Among the records that follow, set down only the lines from the one containing "Yaşar Güler'den Gaziler" to the one containing "210 Stonemere Green", both included, exactly.

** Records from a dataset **
-- Opening Marker --

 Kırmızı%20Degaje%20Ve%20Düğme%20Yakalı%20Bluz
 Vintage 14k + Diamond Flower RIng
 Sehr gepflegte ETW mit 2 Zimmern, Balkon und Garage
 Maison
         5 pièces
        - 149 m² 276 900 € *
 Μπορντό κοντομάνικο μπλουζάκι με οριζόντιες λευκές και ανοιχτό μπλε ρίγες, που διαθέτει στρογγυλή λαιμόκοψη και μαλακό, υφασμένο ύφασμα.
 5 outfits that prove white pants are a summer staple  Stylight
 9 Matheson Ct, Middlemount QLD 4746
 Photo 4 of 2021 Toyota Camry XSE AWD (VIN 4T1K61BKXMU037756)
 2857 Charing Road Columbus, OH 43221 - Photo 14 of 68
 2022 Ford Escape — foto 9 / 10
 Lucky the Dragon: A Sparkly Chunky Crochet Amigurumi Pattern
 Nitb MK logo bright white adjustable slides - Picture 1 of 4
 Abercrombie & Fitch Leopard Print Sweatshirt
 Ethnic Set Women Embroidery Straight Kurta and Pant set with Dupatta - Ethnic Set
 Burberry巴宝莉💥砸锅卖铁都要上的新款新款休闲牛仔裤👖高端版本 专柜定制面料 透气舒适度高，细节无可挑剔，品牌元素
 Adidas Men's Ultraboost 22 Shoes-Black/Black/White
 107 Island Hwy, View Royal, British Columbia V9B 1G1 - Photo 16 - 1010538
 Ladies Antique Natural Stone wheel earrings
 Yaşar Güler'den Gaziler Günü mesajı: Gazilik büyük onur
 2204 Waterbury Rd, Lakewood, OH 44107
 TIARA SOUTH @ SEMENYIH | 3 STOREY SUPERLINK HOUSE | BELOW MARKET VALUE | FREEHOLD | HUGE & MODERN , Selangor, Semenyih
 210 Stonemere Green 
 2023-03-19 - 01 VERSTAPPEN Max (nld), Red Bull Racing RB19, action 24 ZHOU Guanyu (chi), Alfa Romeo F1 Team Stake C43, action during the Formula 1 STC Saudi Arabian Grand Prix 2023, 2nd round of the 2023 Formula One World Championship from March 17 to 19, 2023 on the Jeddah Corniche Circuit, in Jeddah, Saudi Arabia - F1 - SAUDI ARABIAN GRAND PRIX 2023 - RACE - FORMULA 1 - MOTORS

-- Closing Marker --

** Written answer **
 Yaşar Güler'den Gaziler Günü mesajı: Gazilik büyük onur
 2204 Waterbury Rd, Lakewood, OH 44107
 TIARA SOUTH @ SEMENYIH | 3 STOREY SUPERLINK HOUSE | BELOW MARKET VALUE | FREEHOLD | HUGE & MODERN , Selangor, Semenyih
 210 Stonemere Green 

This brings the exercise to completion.